Technically, you have to mentally encode twice (once from alphabet to Morse, then again from Morse to binary), but in practice there's little distinction between BEMC and just using ternary (dash, dot, space) Morse code directly -- dashes are long periods of logic high with a short period of logic low, dots are short periods of logic high with a short period of logic low, and spaces are medium periods of logic low.

The average word length of typical writing is 4.8 characters¹². Add 1 character for spaces between words for 5.8 characters per word. An average text message is 7 words long¹³, or about 40 characters. At 5 bits per character, a text message takes 200 bits, or 80 seconds at 2.5 Hz. 20 seconds at 10 Hz.

Alternately, this equates to 29 bits per word, 5.2 WPM at 2.5 Hz, or 21 WPM at 10 Hz.

Using this in Practice

Obviously, all of this is impractical for normal purposes. There's a perfectly good way to communicate with the human vocal apparatus: speech.

But if you want to get short messages across, you could do so. The trick is shifting frequencies or amplitudes enough for the other person to consistently decode the data without errors, but not so much other people hear the difference.

I doubt there's any way to prevent others from realizing your speech or singing is weird, but they wouldn't immediately know what you were doing. Further, they wouldn't necessarily know your exact encoding, though they could easily figure it out from a recording.

The biggest problem here is likely to be keeping reasonably consistent timing over minute-long durations, but I'd guess it's doable.

Synthetics or Cybernetic Implants

A synthetic person, or a person with cybernetic implants, could plausibly use these techniques to reach much higher data transfer rates. The maximum frequency achievable in air is about 5 GHz¹⁴, limiting us to about 2.5 Gb/s, which is 86 million words per second, 5 billion WPM, 12 million texts per second, or 81 nanoseconds per text.

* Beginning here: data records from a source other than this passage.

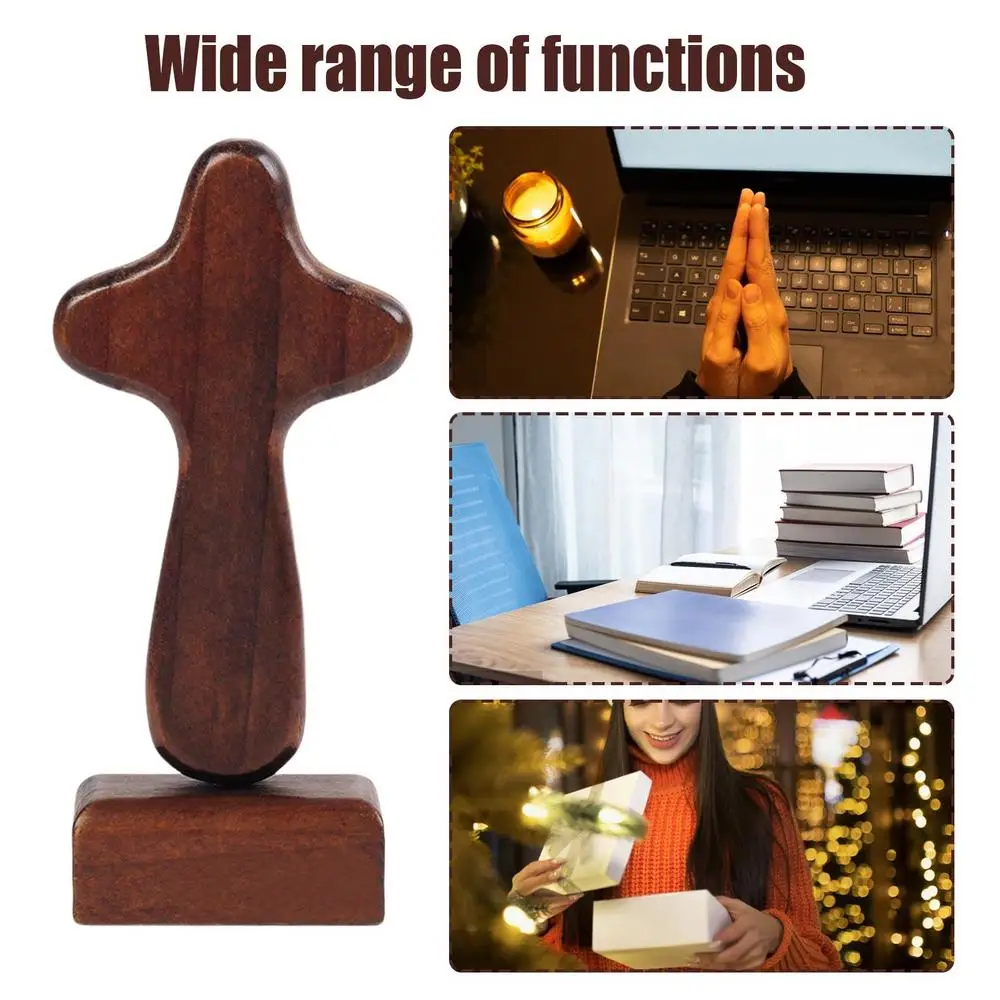 Description Picture 6 of itemTabletop Crosses Wooden Sculpture Decoration Wooden Christian Statue With Magnetic Base Church Home Shelf Tabletop Ornaments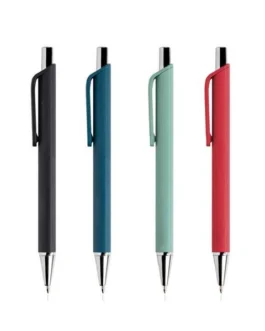 Esferográfica triangular em alumínio emborrachado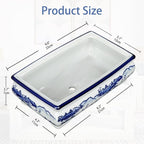 Blue and White Ceramic Bonsai Pot Large Shallow Bonsai Trees Pot Planter for Outdoor Use, 9" Ceramic Plant Pots with Drainage Hole for Cacti, Orchids, Succulents, Bonzie Tree Pots for Patio, Garden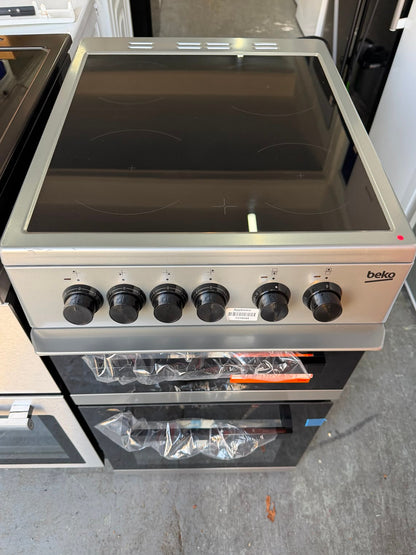 Beko KDC5422AS 50cm Double Oven Electric Ceramic Cooker – Silver – Unused Grade A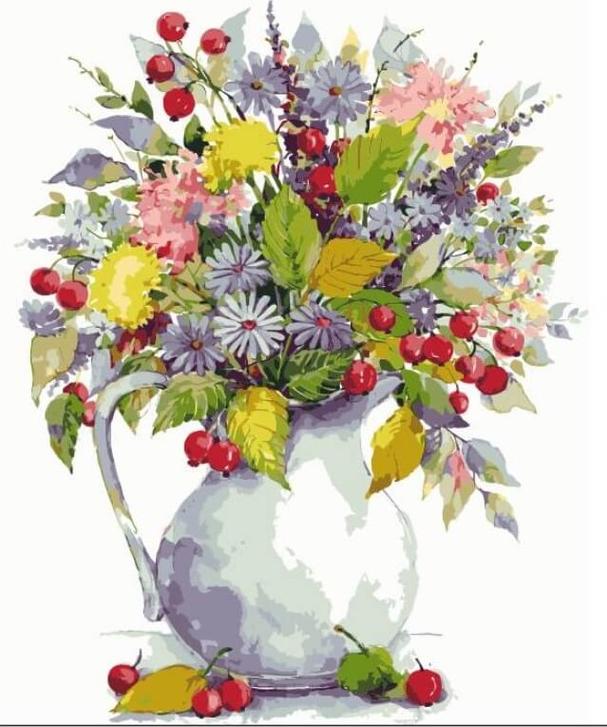 Картина по номерам «Букет с одуванчиками  и ягодами»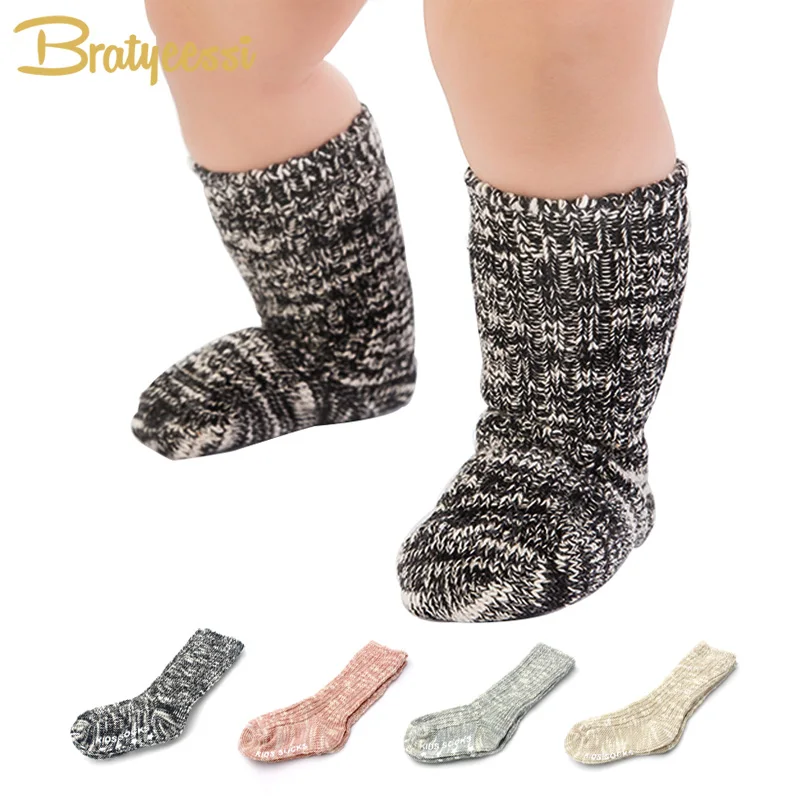 Разноцветные хлопковые детские носки для девочек и мальчиков, детские носки до щиколотки, плотные зимние детские носки, 1 пара, для 0-4 лет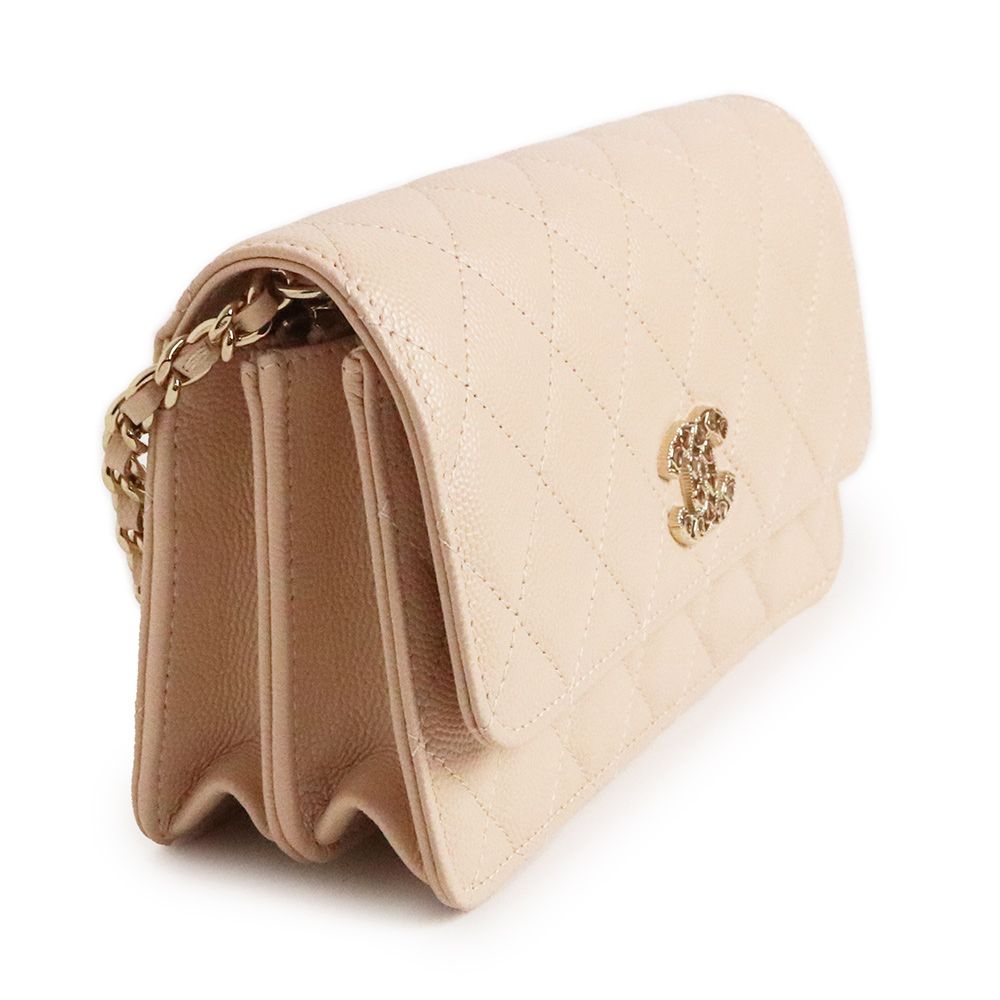 シャネル マトラッセ ハートロゴ チェーンウォレット ショルダーバッグ  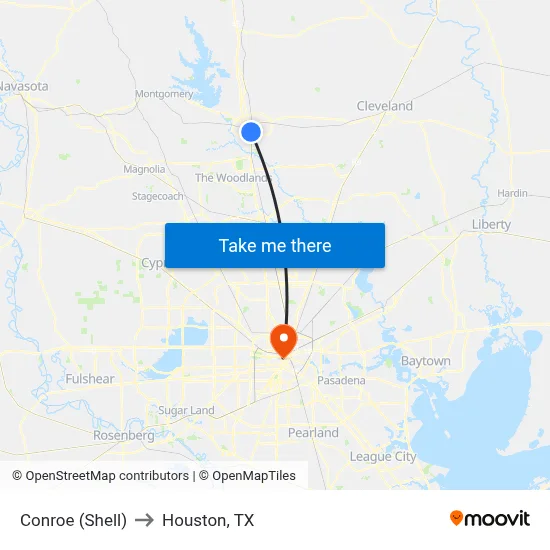 Conroe (Shell) to Houston, TX map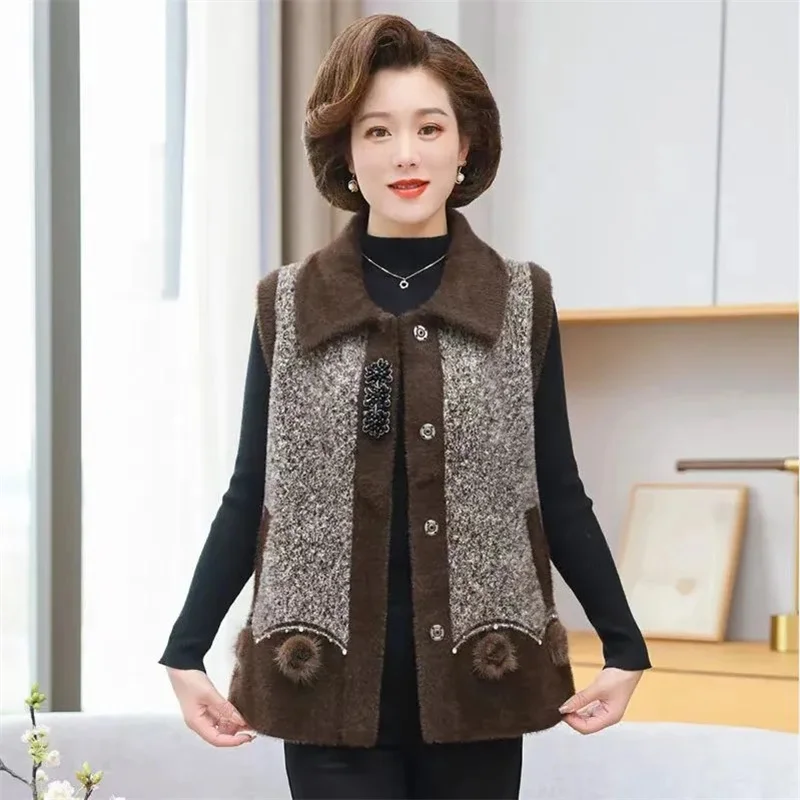 Норковый бархатный жилет, женское пальто 2022, осень-зима, новинка для пожилых мам среднего возраста, трикотажная куртка без рукавов, женский толстый жилет 
Норковый бархатный жилет, женское пальто 2022, осень-зима, новинка для пожилых мам среднего возраста, трикотажная куртка без рукавов, женский толстый жилет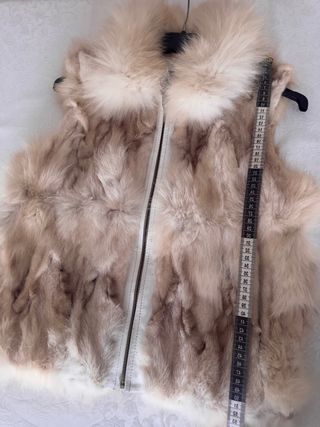 Chaleco de piel y pelo beige/blanco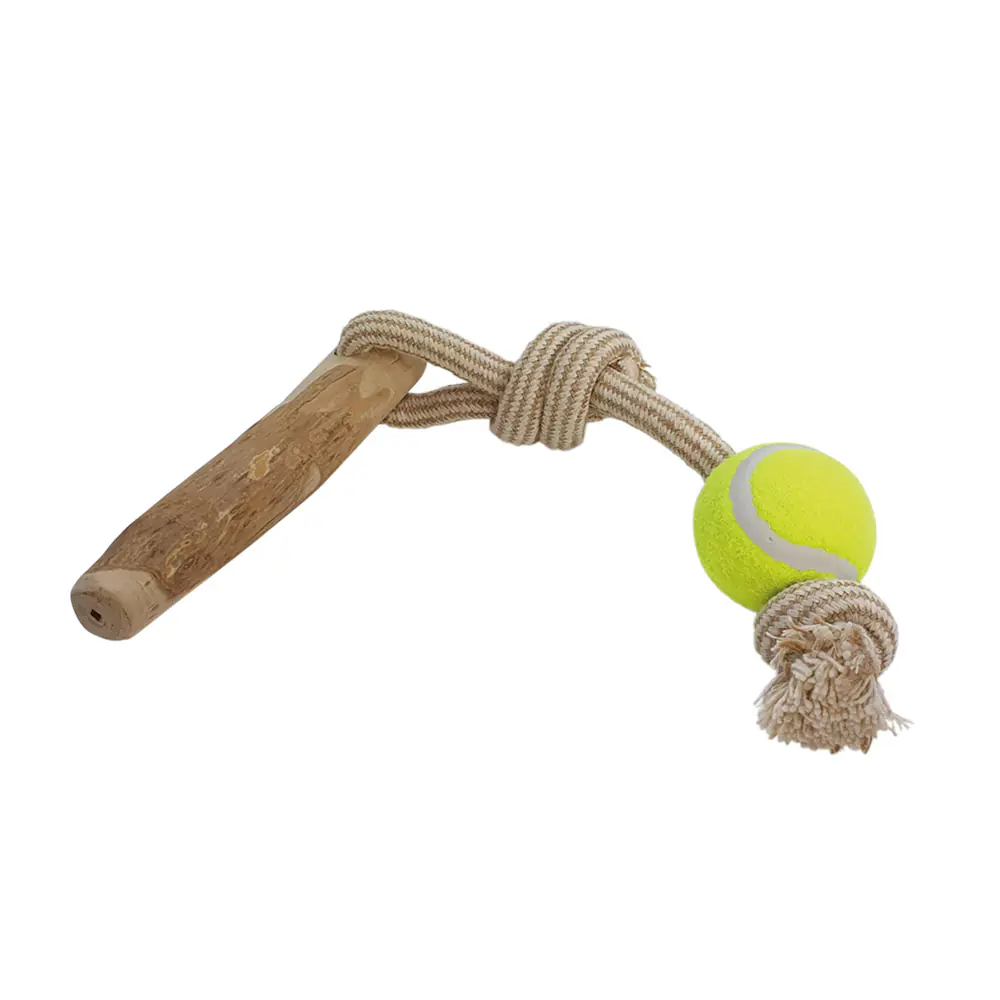 Nobby Hundespielzeug Kaffeeholz mit Seil und Ball ca. 48 cm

But in all likelihood, you could do much better with non-acoustic data transfer methods if you had access to these levels of electronics.

References

_{⁰ An Electronic Notes article, What is QAM: quadrature amplitude modulation. https://www.electronics-notes.com/articles/radio/modulation/quadrature-amplitude-modulation-what-is-qam-basics.php
¹ Taken from Wikipedia under the Creative Commons license. https://en.wikipedia.org/wiki/File:Amfm3-en-de.gif
² Research study, Fast and slow twitch units in a human muscle from 1971. Found at the Journal of Neurology, Neurosurgery, and Psychiatry website. https://jnnp.bmj.com/content/jnnp/34/2/113.full.pdf
³ A Wikipedia article, On-Off keying. https://en.wikipedia.org/wiki/On%E2%80%93off_keying
⁴ A Wikipedia article, Frequency-shift keying. https://en.wikipedia.org/wiki/Frequency-shift_keying
⁵ Taken from Wikipedia under the Creative Commons license. https://commons.wikimedia.org/w/index.php?curid=635074
⁶ A modified version of (5), submitted under the original license.
⁷ Table of ASCII codes. http://www.asciitable.com/
⁸Unicode Consortium's overview of Unicode. https://home.unicode.org/basic-info/overview/
⁹ babou's very awesome cs.stackexchange answer to Is Morse Code binary, ternary or quinary?. https://cs.stackexchange.com/a/39922
¹⁰ My C program hosted at the OnlineGDB C compiler. https://onlinegdb.com/BkMqmOvUS
¹¹ A Wikipedia article, Lake chub. https://en.wikipedia.org/wiki/Lake_chub
¹² A Peter@Norvig.com article, English Letter Frequency Counts: Mayzner Revisited or ETAOIN SRHLDCU. http://norvig.com/mayzner.html
¹³ A Crushh article, K, Wrap It Up Mom. https://crushhapp.com/blog/k-wrap-it-up-mom
¹⁴ Ron Maimon's physics.stackexchange answer to Is there an upper frequency limit to ultrasound?. https://physics.stackexchange.com/a/23427/90152}

Wow thanks michael! Doing such great and thorough work when the proverbial cake (the answer point bonus :) ) is already eaten is something I can admire! — user6415, Sep 12 at 8:59

score 4 · Accepted Answer · 2019-09-10 22:56:56Z

My first thought was that you can use principles of steganography here. but you've rejected the simpler patterns in the first bullet (there should not be any link to the hidden message within the words of Bobs utterance).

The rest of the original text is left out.